The third shift is at the level of epistemology and is by far the most
difficult to achieve. In the post–Cold War era, there has been much talk of
internationalizing education, including its area studies dimensions. But, as
Appadurai notes, this often takes the form of inviting diasporic others to join
existing area studies establishments—but only on Western epistemological
and ontological terms. Western ways of knowing and ideas about “progress”
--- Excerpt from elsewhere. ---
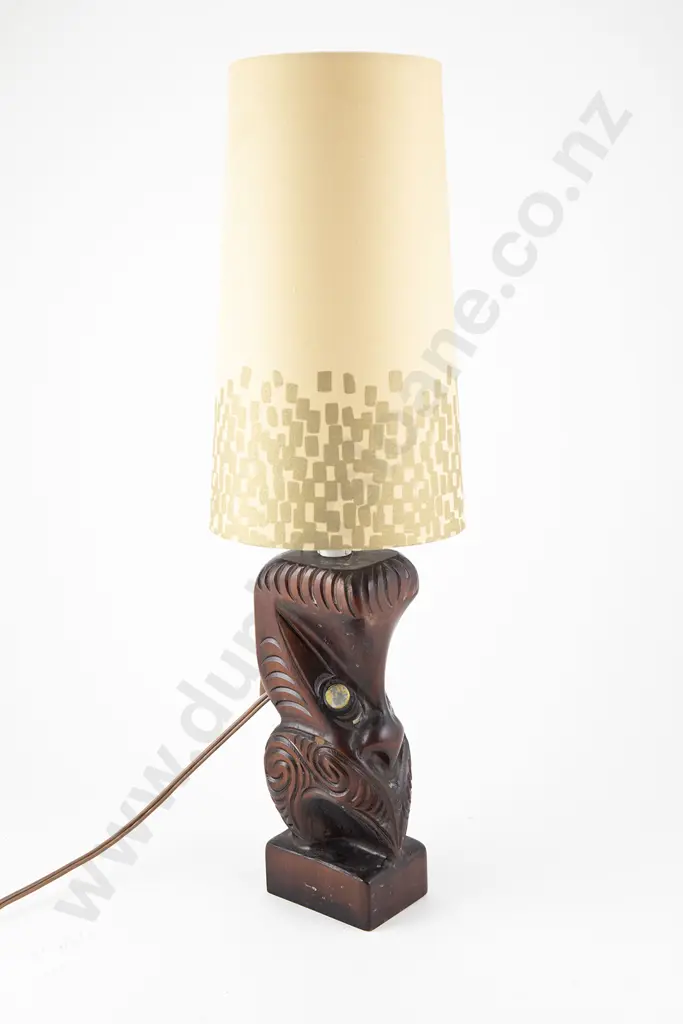 Table lamp carved in the form of a wheku head with paua eyes Image 1++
have become privileged to a degree that non-Western and indigenous knowledge
is often portrayed as quaint or unscientific, certainly marginal and
irrelevant in a modernizing and globalizing world. Postcolonial studies and
indigenous studies have shown that the problem lies not only in how knowledge
about other peoples and places is used, but in how that knowledge is
constructed and reproduced in the first place. Imbalances of power are not
just geopolitical and geoeconomic, they are embedded in the very language
of modernization, development, and now globalization, from whence they
have become a part of area studies itself. New forms of area studies that take
ideas of internationalization and democratization seriously must find space
for the other ways of knowing and living in the world that continue to shape
the day-to-day lives of most inhabitants of the planet.
Moving Cultures
These were some of the ideas that informed an initiative of the University
of Hawai‘i’s School of Hawaiian, Asian and Pacific Studies called Moving
Cultures: Remaking Asia-Pacific Studies.2 The initiative was funded by the
Ford Foundation from 1997 to 2002 as part of a larger effort to “revitalize”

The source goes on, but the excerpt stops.